All these things are personal settings and are in home. So if you ever do a New Install simply be sure you don’t format the home partition and mount it as /home. All your stuff will then be saved. A new install will format root (/) thus erasing any system wide configs and any databases that may be on / So if you need to save these things you must back then up before a new install. An update simply writes the files to root but does not format it. Thus most system wide configs are reused

Ok, I narrowed down what is causing the problem, though I don’t know why. After doing a clean re-install of the root partition, I began adding back the things that were missing or changed as a result. Among these were some optimizations I made for the SSD, based on info found here: (https://sites.google.com/site/easylinuxtipsproject/ssd-in-opensuse). Once I made these changes, the system was completely broken again after a reboot. Amazing that the desktop comes up at all, considering how much won’t work at a fundamental level.

It turns out, it is either (or both) adding the “noatime” flag to the root partition line in the /etc/fstab file and/or adding the fstrim -v commands for root and home in the /etc/rc.d/boot.local file. The only way I managed to fix this the second time around was to boot the system into Mint (the disk I had lying around) and modify the fstab file to remove noative and delete the boot.local file (I could not figure out how to modify and replace this, due to permission issues, I guess - still a bit of a Linux novice…). After changing these files back, the system boots normally again, no problems.

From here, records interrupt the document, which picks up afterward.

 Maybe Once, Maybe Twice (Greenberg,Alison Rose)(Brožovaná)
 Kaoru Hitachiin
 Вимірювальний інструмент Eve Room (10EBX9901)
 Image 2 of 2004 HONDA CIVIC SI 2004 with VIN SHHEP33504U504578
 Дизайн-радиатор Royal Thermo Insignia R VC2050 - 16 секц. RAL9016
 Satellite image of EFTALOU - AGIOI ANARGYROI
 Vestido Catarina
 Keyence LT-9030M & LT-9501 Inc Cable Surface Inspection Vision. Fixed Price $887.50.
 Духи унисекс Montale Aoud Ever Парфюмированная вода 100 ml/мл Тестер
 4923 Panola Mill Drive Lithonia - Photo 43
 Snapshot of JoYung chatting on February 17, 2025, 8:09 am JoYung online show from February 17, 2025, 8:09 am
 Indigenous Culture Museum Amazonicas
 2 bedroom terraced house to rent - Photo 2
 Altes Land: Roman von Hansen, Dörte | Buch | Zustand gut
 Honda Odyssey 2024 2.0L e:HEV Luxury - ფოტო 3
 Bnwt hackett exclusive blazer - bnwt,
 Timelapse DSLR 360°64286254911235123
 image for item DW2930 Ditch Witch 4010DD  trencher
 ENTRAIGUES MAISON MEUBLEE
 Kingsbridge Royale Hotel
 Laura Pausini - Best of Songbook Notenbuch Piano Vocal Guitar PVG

Now, these changes had been in those files for a long time, and the system had been completely stable, so something else must have changed during a recent update that made those commands become catastrophic to openSUSE. Maybe someone knows what’s going on?

Also, if anyone can help me get the original boot.local file (which I have saved in my home directory) back into /etc/rc.d folder, that would be helpful.

trim is only executed at boot if in /etc/rc.d/boot.local so I don’t see how that could conflict with noatime. Are you sure that you entered the option correctly?.

Don’t tell us show us the fstab file and the lines that did not work

that is a relatively important optimization and if it were broken there would be lots of others seeing the problem. Every time a file is opened a datetime field is updated which greatly increases the number of writes and thus reduce the overall life of the drive. noatime stops this thus increasing the over all life of the SSD.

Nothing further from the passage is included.